Short web captions:
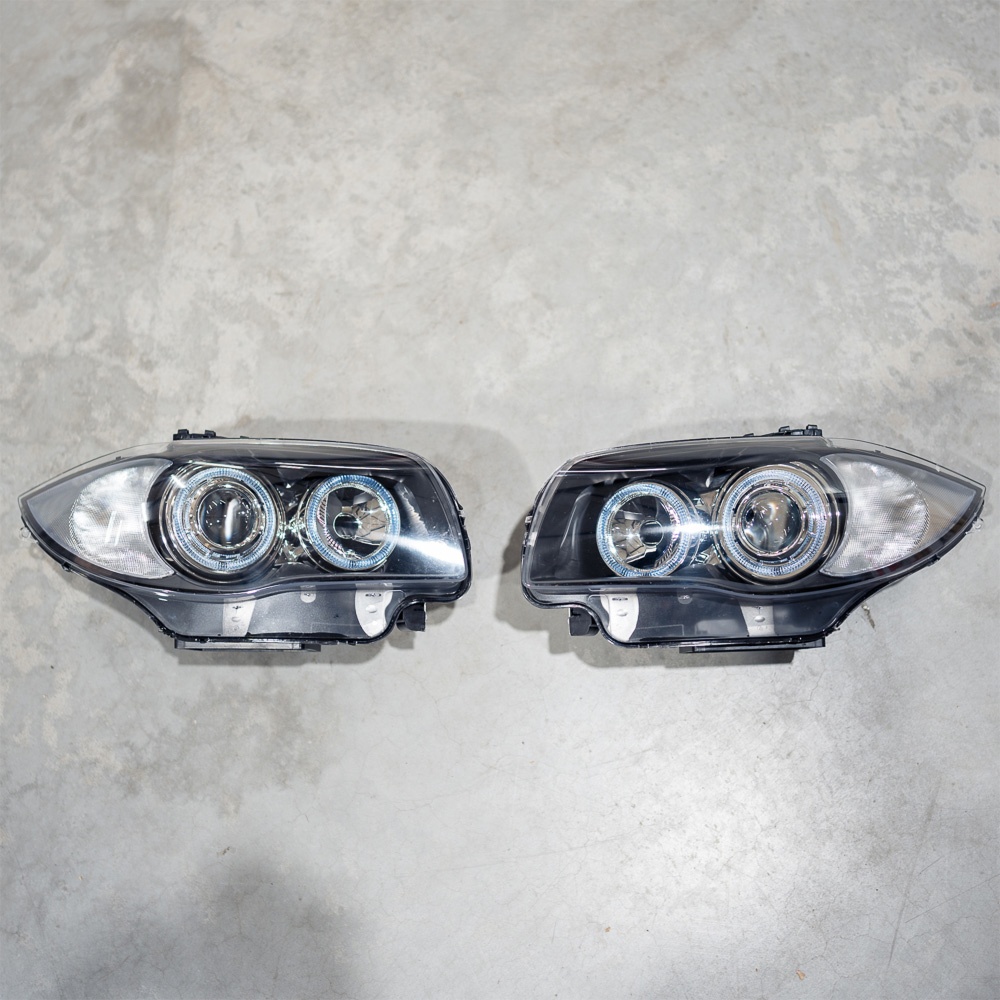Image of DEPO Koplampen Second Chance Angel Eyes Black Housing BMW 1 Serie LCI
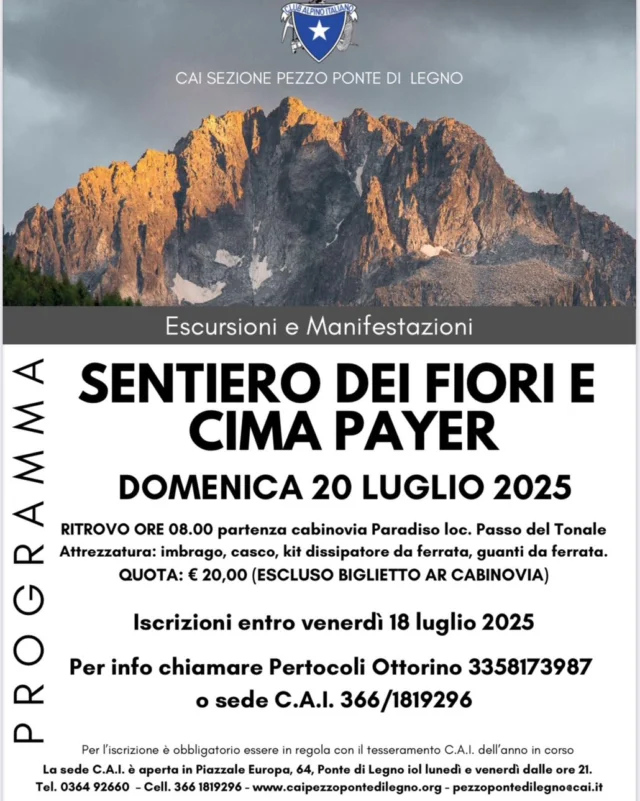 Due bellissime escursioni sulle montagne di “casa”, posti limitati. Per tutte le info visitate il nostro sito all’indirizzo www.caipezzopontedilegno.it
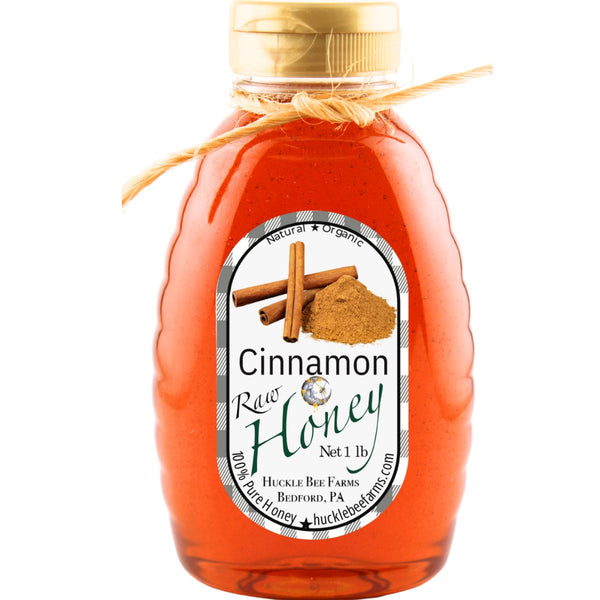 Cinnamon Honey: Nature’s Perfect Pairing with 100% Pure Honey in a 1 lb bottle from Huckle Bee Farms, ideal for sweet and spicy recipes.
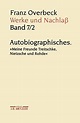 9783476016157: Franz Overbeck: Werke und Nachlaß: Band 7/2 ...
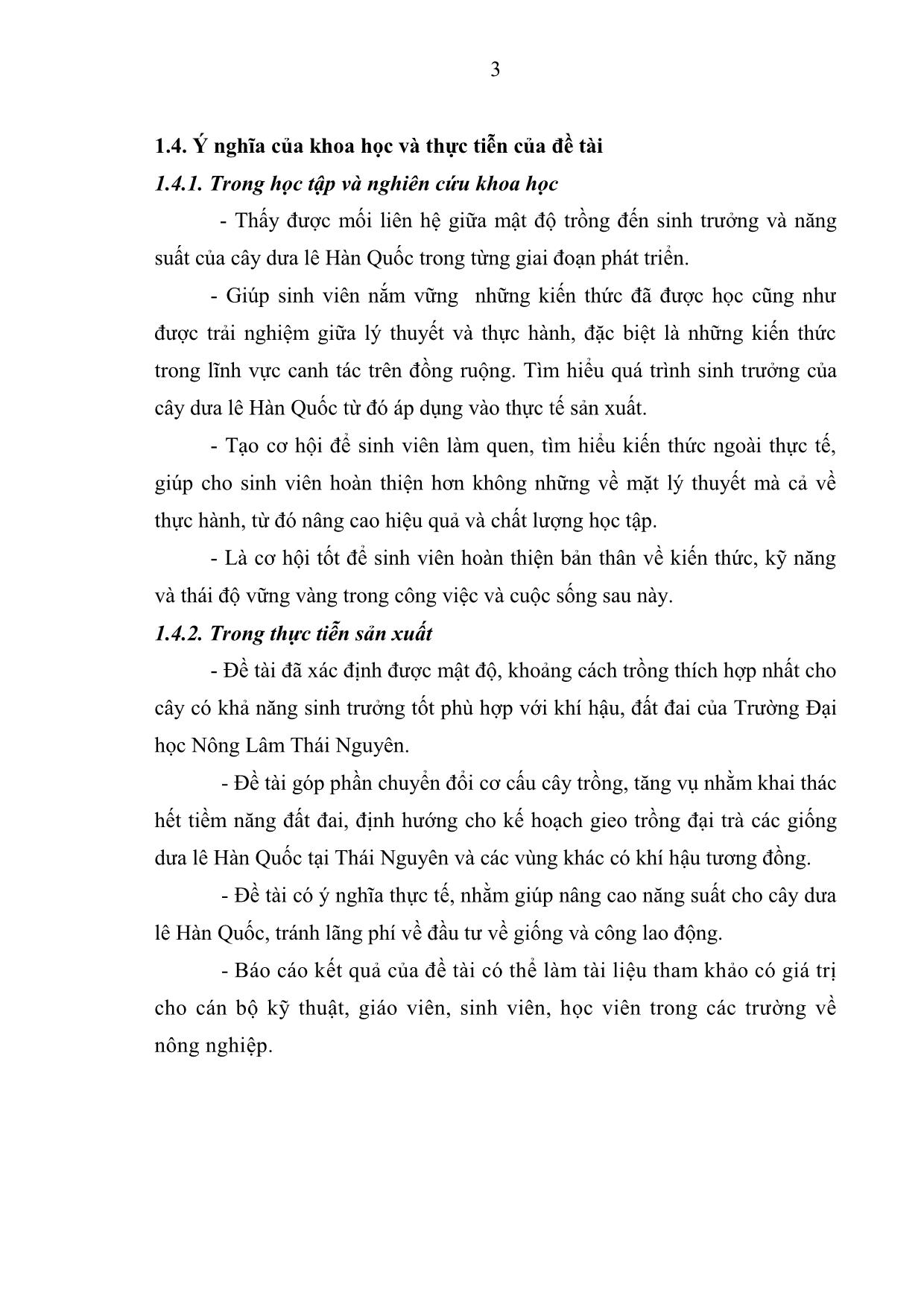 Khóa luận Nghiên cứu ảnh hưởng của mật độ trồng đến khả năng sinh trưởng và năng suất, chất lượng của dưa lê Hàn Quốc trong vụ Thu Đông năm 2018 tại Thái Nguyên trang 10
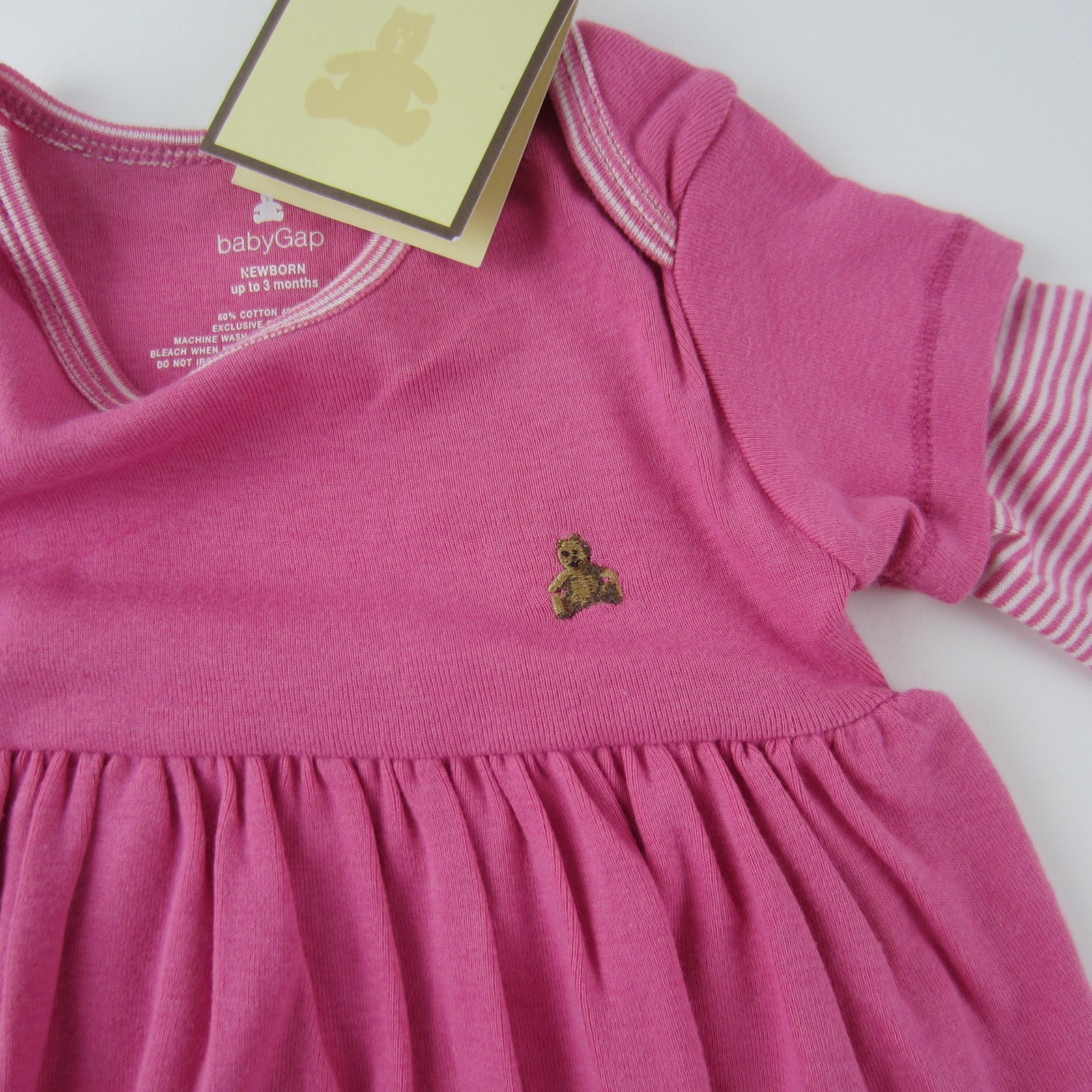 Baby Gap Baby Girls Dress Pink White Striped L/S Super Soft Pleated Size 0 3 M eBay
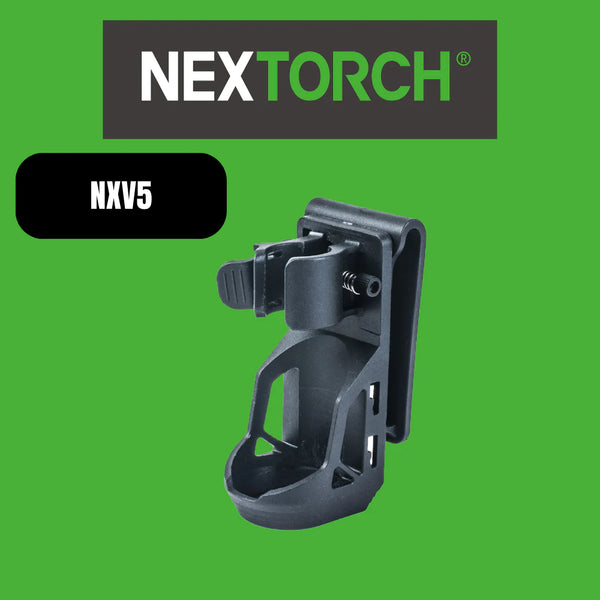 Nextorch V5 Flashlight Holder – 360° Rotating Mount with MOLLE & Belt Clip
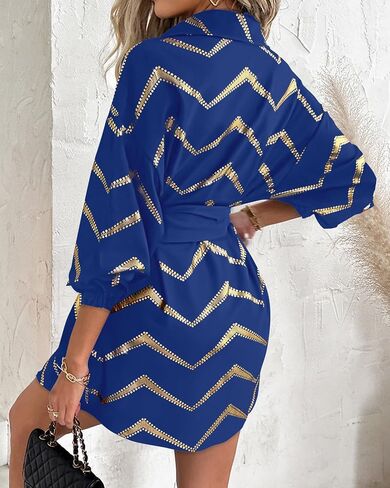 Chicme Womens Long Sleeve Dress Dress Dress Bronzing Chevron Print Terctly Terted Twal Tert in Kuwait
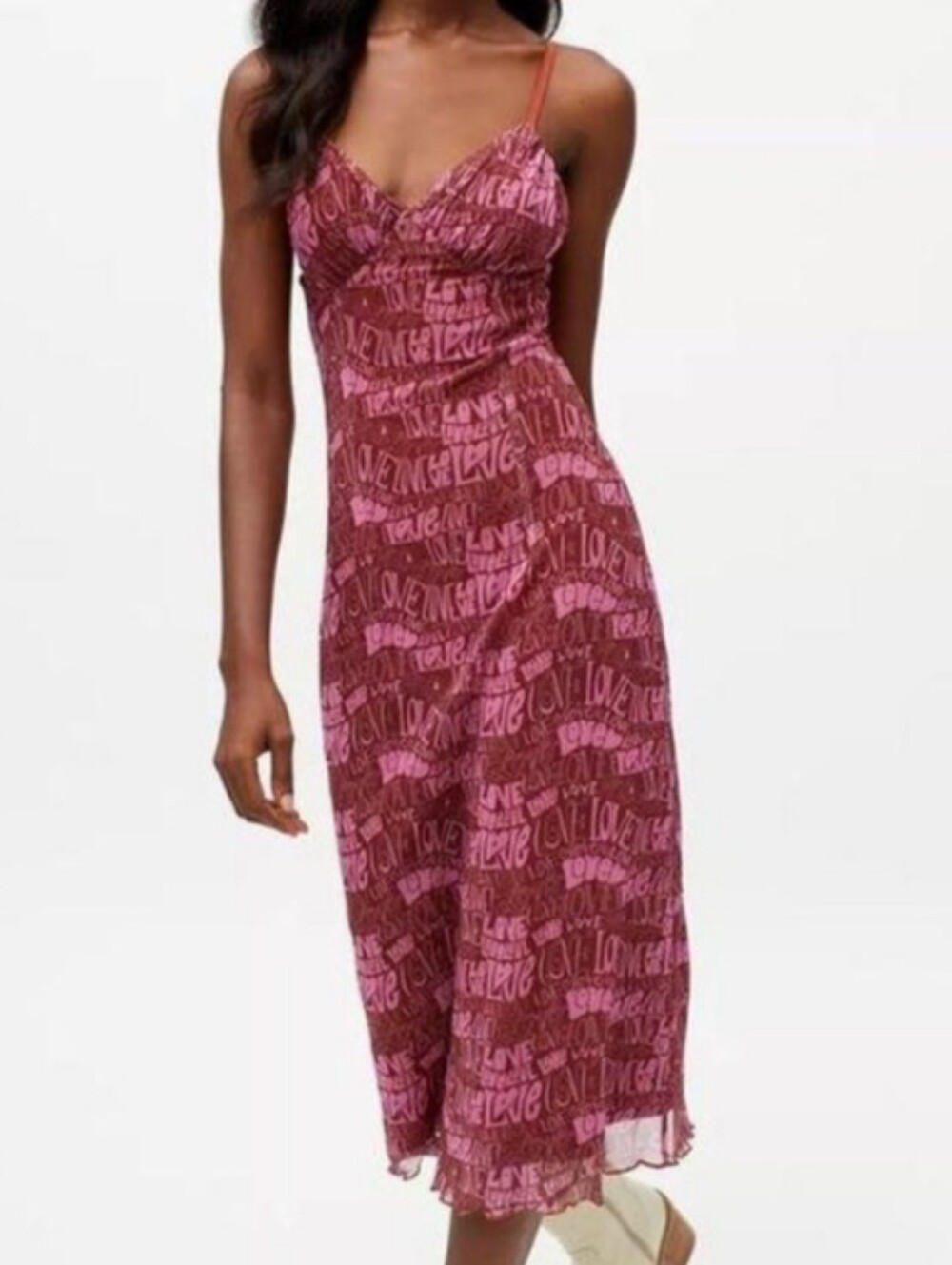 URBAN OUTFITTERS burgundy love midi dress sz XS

◆ BRIEF
Every line of the data should be transcribed exactly. Omit the images.

◆ WRITTEN RESPONSE
Image of DEPO Koplampen Second Chance Angel Eyes Black Housing BMW 1 Serie LCI
 Due bellissime escursioni sulle montagne di “casa”, posti limitati. Per tutte le info visitate il nostro sito all’indirizzo www.caipezzopontedilegno.it
 Cinnamon Honey: Nature’s Perfect Pairing with 100% Pure Honey in a 1 lb bottle from Huckle Bee Farms, ideal for sweet and spicy recipes.
 9783476016157: Franz Overbeck: Werke und Nachlaß: Band 7/2 ...
 Khóa luận Nghiên cứu ảnh hưởng của mật độ trồng đến khả năng sinh trưởng và năng suất, chất lượng của dưa lê Hàn Quốc trong vụ Thu Đông năm 2018 tại Thái Nguyên trang 10
 Baby Gap Baby Girls Dress Pink White Striped L/S Super Soft Pleated Size 0 3 M eBay
 Nextorch V5 Flashlight Holder – 360° Rotating Mount with MOLLE & Belt Clip
 Chicme Womens Long Sleeve Dress Dress Dress Bronzing Chevron Print Terctly Terted Twal Tert in Kuwait
 URBAN OUTFITTERS burgundy love midi dress sz XS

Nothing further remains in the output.